[Data extracted from a collection]

________________

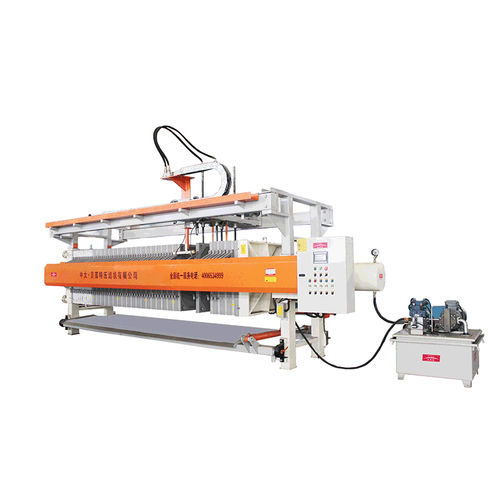 Membranfilterpresse - Zhongda Bright Filter Press Co., Ltd - automatisch / Hochdruck / zur Abwasserbehandlung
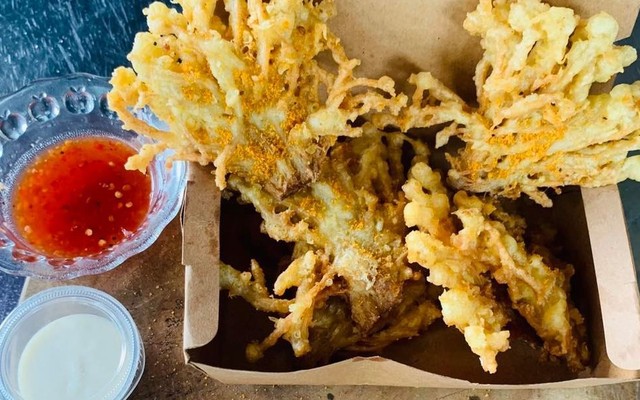 Rau Nấm Deli Manmuro - Rau Củ & Nấm Chiên Giòn - Đường 17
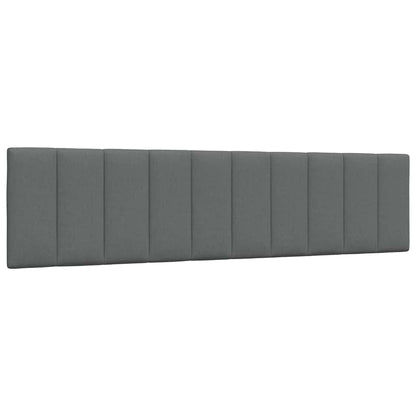 Giroletto senza Materasso Hanko Grigio Scuro 200x200 cm Tessuto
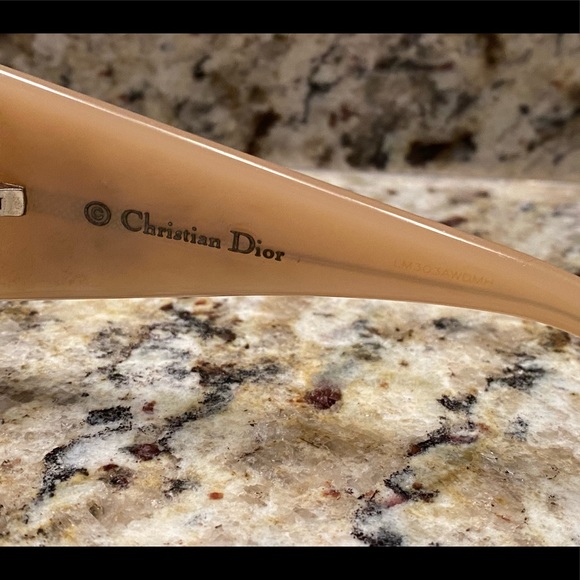 Christian Dior Ondine Crystal Rhinestone Sunglasses RARE - Picture 12 of 13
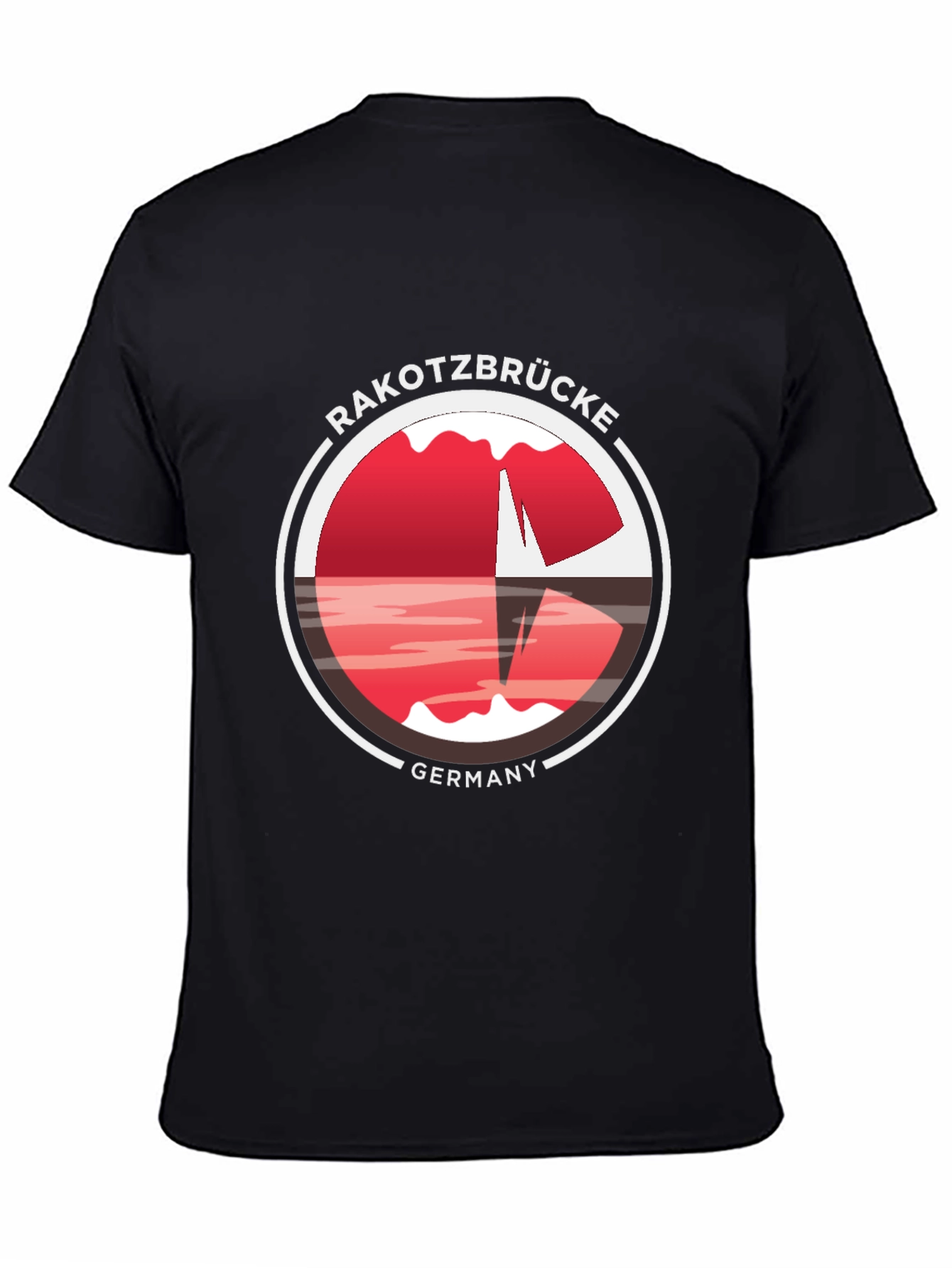 Rakotzbrücke Germany Graphic T-Shirt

________________

### YOUR GOAL
Only exact duplicates of the lines from the one containing "Christian Dior Ondine" through the final line of the entries, both included, are needed, with pictures left out.

### YOUR SOLUTION
 Christian Dior Ondine Crystal Rhinestone Sunglasses RARE - Picture 12 of 13
 Rakotzbrücke Germany Graphic T-Shirt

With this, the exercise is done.